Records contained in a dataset
▬▬▬

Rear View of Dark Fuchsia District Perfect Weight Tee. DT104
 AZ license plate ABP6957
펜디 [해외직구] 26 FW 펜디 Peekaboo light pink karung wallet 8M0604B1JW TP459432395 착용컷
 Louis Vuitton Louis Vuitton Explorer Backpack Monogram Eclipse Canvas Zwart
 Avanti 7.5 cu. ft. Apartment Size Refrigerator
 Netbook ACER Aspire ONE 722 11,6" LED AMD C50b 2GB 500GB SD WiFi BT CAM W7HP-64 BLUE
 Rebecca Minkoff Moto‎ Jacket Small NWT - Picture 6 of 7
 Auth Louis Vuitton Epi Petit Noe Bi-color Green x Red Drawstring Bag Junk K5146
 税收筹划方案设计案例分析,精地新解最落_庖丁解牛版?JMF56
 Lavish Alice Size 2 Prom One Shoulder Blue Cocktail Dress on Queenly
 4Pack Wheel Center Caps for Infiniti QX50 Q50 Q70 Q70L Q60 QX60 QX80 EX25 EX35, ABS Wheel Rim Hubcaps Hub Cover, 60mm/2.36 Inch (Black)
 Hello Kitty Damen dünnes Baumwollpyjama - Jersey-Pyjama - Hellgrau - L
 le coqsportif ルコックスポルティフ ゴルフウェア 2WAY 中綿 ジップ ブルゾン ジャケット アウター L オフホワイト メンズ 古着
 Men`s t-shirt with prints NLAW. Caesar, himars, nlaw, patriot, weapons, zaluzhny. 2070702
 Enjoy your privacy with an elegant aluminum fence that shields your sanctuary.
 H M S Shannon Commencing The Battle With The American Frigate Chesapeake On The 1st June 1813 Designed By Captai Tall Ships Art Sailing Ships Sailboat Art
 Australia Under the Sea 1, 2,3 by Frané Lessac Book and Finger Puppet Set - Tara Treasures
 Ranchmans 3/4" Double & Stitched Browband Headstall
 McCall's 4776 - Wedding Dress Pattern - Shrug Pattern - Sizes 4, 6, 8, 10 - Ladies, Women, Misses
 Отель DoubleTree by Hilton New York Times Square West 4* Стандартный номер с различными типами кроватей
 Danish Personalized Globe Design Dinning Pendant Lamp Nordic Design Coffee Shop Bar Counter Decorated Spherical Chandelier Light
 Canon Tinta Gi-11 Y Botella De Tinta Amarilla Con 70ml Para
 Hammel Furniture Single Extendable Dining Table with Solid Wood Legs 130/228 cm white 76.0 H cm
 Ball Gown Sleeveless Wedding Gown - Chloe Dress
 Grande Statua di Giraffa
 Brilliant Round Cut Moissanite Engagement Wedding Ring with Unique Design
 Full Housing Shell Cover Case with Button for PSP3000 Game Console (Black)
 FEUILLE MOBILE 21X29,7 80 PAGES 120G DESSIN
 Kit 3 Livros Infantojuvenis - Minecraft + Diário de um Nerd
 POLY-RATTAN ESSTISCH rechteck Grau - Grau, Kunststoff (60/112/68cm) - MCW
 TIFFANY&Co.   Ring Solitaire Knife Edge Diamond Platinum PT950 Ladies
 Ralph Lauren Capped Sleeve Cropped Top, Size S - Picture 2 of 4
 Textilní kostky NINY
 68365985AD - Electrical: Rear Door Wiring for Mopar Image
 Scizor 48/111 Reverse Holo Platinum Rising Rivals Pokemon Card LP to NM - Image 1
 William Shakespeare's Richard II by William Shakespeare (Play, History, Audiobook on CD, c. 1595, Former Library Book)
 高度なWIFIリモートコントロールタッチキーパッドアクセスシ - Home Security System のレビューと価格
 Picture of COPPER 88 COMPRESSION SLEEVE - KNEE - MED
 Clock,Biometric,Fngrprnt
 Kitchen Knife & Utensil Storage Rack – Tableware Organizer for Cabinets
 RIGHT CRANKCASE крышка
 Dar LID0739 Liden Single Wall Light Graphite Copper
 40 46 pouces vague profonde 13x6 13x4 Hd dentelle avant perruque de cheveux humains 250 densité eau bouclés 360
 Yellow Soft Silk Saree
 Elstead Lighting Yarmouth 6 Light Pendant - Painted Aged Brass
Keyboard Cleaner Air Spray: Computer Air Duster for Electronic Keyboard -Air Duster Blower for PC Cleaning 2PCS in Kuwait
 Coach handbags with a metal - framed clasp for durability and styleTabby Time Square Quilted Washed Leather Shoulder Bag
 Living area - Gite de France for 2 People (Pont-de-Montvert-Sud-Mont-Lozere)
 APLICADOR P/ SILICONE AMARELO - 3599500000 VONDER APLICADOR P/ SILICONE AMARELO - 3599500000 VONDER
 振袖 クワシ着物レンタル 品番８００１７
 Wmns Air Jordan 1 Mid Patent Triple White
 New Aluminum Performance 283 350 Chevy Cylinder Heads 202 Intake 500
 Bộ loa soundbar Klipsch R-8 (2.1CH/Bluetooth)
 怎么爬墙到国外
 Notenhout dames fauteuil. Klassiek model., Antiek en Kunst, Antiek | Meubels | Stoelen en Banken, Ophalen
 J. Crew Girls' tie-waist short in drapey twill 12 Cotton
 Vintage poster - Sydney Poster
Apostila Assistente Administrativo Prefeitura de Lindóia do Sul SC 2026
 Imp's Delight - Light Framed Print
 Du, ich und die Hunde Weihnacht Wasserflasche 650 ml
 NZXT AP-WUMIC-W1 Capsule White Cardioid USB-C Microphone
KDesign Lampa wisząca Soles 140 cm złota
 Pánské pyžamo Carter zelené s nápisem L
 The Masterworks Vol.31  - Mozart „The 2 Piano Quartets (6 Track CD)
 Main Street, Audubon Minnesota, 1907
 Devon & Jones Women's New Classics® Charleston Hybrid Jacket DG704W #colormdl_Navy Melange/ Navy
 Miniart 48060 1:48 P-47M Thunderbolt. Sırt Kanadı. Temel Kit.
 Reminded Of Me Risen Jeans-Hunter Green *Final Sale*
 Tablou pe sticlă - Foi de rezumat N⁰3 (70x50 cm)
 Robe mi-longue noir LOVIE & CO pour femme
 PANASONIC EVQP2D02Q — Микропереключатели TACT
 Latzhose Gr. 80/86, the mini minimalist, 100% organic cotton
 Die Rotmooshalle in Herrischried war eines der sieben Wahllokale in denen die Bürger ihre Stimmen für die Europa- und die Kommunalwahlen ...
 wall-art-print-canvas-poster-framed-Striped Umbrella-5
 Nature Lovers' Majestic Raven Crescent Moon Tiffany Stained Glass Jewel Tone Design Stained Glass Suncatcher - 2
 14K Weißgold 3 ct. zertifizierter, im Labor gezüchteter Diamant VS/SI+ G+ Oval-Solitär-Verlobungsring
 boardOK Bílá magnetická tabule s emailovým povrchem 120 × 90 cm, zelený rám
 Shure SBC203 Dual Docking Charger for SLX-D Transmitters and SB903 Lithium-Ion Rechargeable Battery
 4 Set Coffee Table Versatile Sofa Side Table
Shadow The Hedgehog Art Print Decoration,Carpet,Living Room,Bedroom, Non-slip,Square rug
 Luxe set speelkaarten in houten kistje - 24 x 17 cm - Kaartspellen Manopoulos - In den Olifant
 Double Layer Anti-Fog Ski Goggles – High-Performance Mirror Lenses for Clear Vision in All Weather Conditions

▬▬▬

- Exercise requirements: When the line with "H M S Shannon" is reached in the data above, start copying there, and copy each line exactly until the line with "FEUILLE MOBILE 21X29,7 80 PAGES 120G DESSIN" has been copied; copy nothing else.

- Response area:
 H M S Shannon Commencing The Battle With The American Frigate Chesapeake On The 1st June 1813 Designed By Captai Tall Ships Art Sailing Ships Sailboat Art
 Australia Under the Sea 1, 2,3 by Frané Lessac Book and Finger Puppet Set - Tara Treasures
 Ranchmans 3/4" Double & Stitched Browband Headstall
 McCall's 4776 - Wedding Dress Pattern - Shrug Pattern - Sizes 4, 6, 8, 10 - Ladies, Women, Misses
 Отель DoubleTree by Hilton New York Times Square West 4* Стандартный номер с различными типами кроватей
 Danish Personalized Globe Design Dinning Pendant Lamp Nordic Design Coffee Shop Bar Counter Decorated Spherical Chandelier Light
 Canon Tinta Gi-11 Y Botella De Tinta Amarilla Con 70ml Para
 Hammel Furniture Single Extendable Dining Table with Solid Wood Legs 130/228 cm white 76.0 H cm
 Ball Gown Sleeveless Wedding Gown - Chloe Dress
 Grande Statua di Giraffa
 Brilliant Round Cut Moissanite Engagement Wedding Ring with Unique Design
 Full Housing Shell Cover Case with Button for PSP3000 Game Console (Black)
 FEUILLE MOBILE 21X29,7 80 PAGES 120G DESSIN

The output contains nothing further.